Das Klavier war auch Debussys erster Kontakt zur Musik. Er stammte aus der französischen Hauptstadt Paris, doch als er acht Jahre alt war, mussten seine Eltern mit ihm und seinen Geschwistern vor dem Deutsch-Französischen Krieg nach Südfrankreich fliehen, wo die erwähnte Tante lebte und ihm sein erstes Klavierspiel beibrachte. Zurück in Paris ging Debussy nicht zur Schule, und so waren seine Klavierstunden der einzige Unterricht, den er erhielt. Während er deshalb zeitlebens nicht richtig schreiben konnte, schaffte er dank seiner Klavierlehrerin die Aufnahmeprüfung am Konservatorium (eine Art Musik-Uni).
Auch für Alexander Skrjabin war klar, dass er Musiker werden wollte, und, wie Debussy in Paris, belegte Skrjabin in Moskau die Fächer Klavier und Komposition. Obwohl sie in verschiedenen Städten und bei verschiedenen Professoren lernten (sie kannten sich ja noch nicht einmal), hassten sie beide ihre strengen und immer gleichen Kompositionsübungen, weshalb sie den Unterricht immer häufiger schwänzten. Wichtiger als ein strenges Muster, an das sie sich halten sollten, war ihnen der Klang ihrer Werke. Debussy interessierte sich für die Klänge ferner Länder und spielte sie gern am Klavier.
Als Pianist führte Skrjabin nach seinem Studium vor allem seine eigenen Stücke auf und reiste damit quer durch Europa. Das Poème de l’extase ist eines seiner wenigen Orchesterwerke. Noch bevor Skrjabin die Musik dazu komponierte (1905 – 1907), hatte er ein Gedicht (»poème«) mit demselben Titel verfasst. Musik und Gedicht beschreiben aus unterschiedlichen Blickwinkeln einen Menschen, der gegen sich selbst kämpfen muss, damit er am Ende – wie durch eine Spirale immer höher gewirbelt – in einen grenzenlosen Rausch der Verzückung (»extase«) verfallen kann.

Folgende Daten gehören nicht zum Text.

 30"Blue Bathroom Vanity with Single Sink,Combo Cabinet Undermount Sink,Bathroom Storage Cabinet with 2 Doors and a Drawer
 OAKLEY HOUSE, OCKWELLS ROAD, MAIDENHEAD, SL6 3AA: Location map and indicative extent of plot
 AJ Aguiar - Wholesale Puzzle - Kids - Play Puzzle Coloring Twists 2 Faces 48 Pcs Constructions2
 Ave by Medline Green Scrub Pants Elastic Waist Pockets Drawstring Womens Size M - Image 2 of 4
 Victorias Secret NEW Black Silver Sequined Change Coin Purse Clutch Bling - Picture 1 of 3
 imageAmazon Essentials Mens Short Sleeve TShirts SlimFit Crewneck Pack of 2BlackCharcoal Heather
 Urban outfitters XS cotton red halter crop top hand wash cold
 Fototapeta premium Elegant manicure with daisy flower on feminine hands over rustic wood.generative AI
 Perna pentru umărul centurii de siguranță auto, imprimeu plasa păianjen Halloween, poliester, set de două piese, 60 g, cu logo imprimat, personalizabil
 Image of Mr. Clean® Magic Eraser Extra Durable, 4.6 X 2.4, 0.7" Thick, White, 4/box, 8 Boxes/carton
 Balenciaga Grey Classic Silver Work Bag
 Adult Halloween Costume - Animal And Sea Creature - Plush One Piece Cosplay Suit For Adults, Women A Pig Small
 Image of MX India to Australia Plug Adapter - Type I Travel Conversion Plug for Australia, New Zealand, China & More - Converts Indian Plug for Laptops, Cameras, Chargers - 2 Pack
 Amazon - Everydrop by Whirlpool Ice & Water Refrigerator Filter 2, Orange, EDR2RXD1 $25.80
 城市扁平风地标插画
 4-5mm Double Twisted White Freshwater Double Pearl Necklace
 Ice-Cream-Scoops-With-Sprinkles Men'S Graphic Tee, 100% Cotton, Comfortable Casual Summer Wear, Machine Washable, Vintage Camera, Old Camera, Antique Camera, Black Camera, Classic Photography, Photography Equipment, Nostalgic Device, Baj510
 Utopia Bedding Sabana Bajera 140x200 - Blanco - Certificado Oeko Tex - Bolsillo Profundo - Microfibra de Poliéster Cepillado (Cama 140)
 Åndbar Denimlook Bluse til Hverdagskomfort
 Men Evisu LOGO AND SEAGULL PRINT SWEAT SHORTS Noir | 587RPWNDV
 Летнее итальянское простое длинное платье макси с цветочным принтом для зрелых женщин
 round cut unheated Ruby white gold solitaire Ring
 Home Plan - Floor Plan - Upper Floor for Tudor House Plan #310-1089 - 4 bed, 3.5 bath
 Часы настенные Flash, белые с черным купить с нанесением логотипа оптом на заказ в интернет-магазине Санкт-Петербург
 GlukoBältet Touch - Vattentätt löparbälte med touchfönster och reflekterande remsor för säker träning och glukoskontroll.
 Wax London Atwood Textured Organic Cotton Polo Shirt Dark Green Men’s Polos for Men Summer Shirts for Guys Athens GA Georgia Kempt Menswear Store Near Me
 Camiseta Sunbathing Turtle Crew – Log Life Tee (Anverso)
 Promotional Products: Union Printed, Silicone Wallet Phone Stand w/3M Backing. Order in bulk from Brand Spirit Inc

Für Debussy hingegen beginnt die Musik erst da, wo mit Worten nichts mehr ausgedrückt werden kann. Er bezeichnet La mer (»Das Meer«) als drei symphonische Skizzen. Die drei Sätze nennt er zwar Vom Morgengrauen bis zum Mittag auf dem Meer, Spiel der Wellen und Zwiegespräch von Wind und Meer, doch statt diese Szenen einfach in Musik zu set- zen und zu beschreiben, sollten sie dem Hörer vielmehr eine Idee vom Wesen des Meeres ge- ben. Ebenso wie das Wasser selbst, das ständig in Bewegung und nie zu fassen ist, schwimmt seine Musik. Einzelne Motive tauchen kurz auf, werden von anderen umspült und gehen wieder unter. Und so wie das Meer immer dasselbe bleibt, bestimmt auch das Eingangsthema alle drei Sätze, so unterschiedlich sie auch klingen.
Sowohl La mer als auch Le poème de l’extase waren zu ihrer Entstehungszeit so neu und selbst für Musiker ungewohnt, dass die alten Dirigenten damit nichts anzufangen wussten und ersetzt werden mussten. So fand die Uraufführung des Poème de l’extase 1908 statt im russischen St. Petersburg in New York statt, und nach der schlechten Uraufführung von La mer 1905 in Paris griff Debussy 1908 selbst zum Taktstock.